■ **Task input**

Segment Open

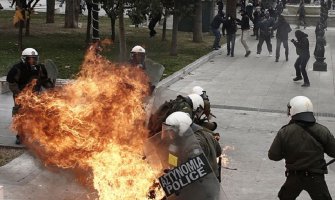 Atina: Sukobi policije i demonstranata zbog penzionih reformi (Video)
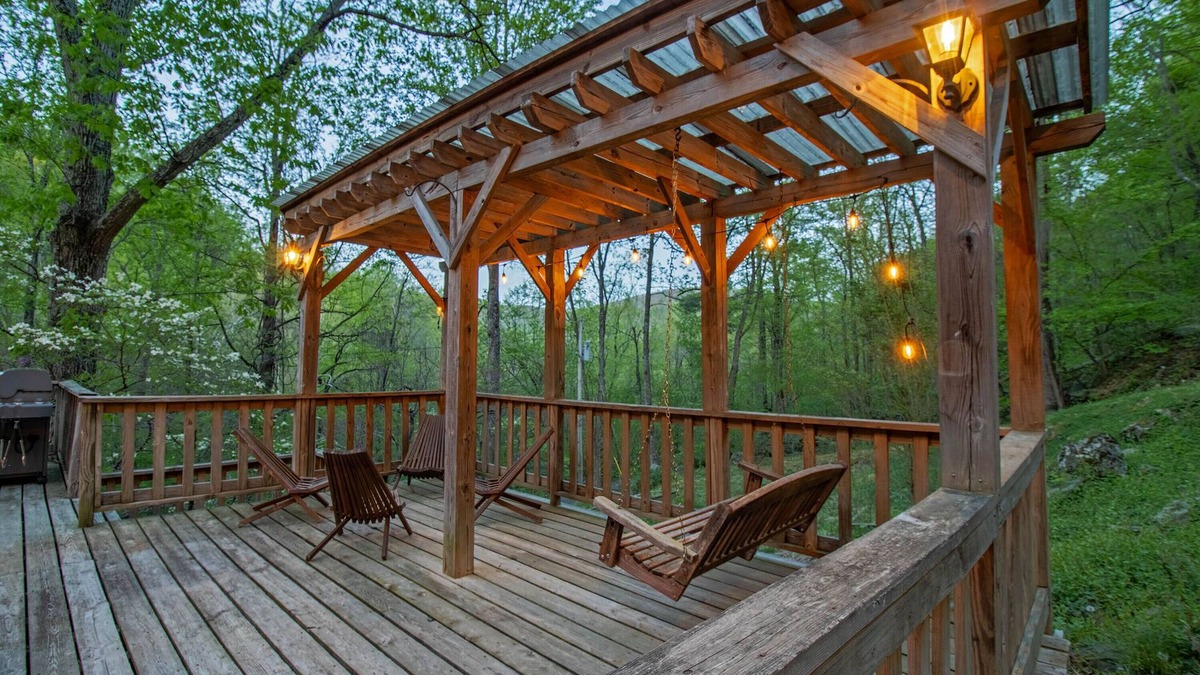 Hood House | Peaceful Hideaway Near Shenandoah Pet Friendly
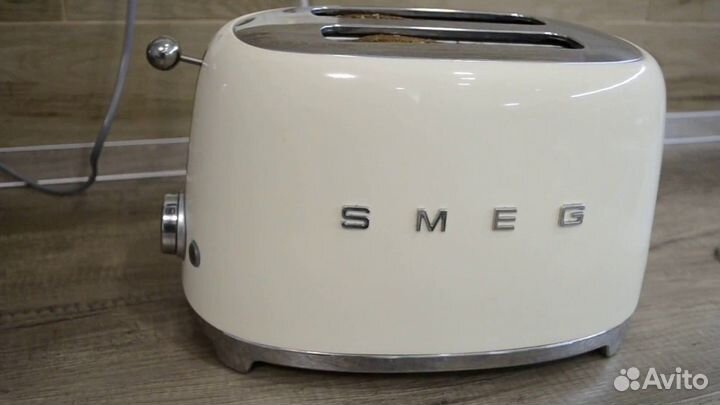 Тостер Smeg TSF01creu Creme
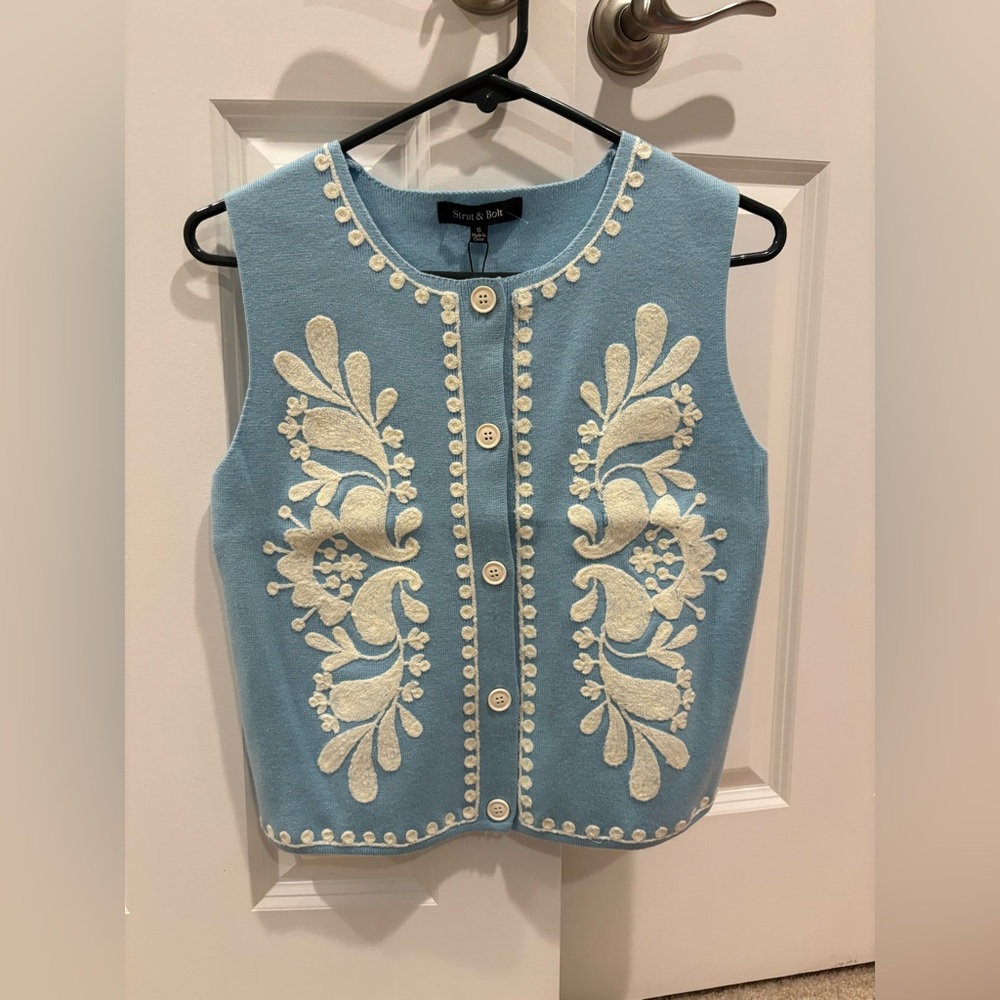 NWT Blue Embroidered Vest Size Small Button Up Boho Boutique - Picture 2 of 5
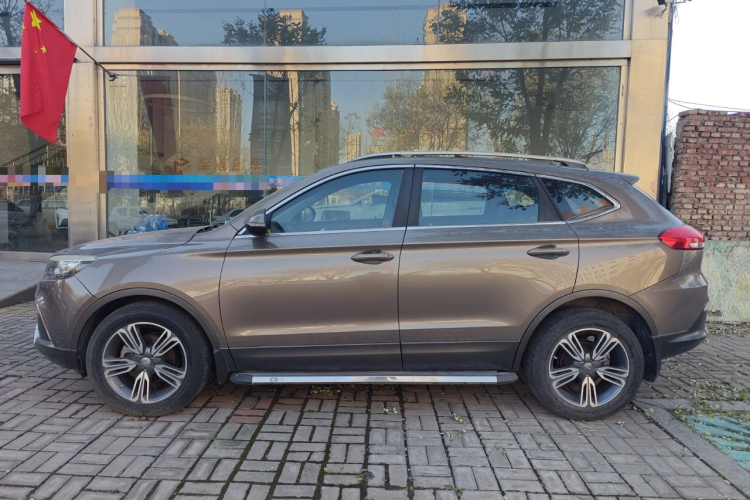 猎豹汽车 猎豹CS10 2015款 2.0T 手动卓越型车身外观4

Segment Closed

■ **Assigned task**
Keeping every word as it is, write out all the data and omit the pictures.

■ **Answer**
 Atina: Sukobi policije i demonstranata zbog penzionih reformi (Video)
 Hood House | Peaceful Hideaway Near Shenandoah Pet Friendly
 Тостер Smeg TSF01creu Creme
 NWT Blue Embroidered Vest Size Small Button Up Boho Boutique - Picture 2 of 5
 猎豹汽车 猎豹CS10 2015款 2.0T 手动卓越型车身外观4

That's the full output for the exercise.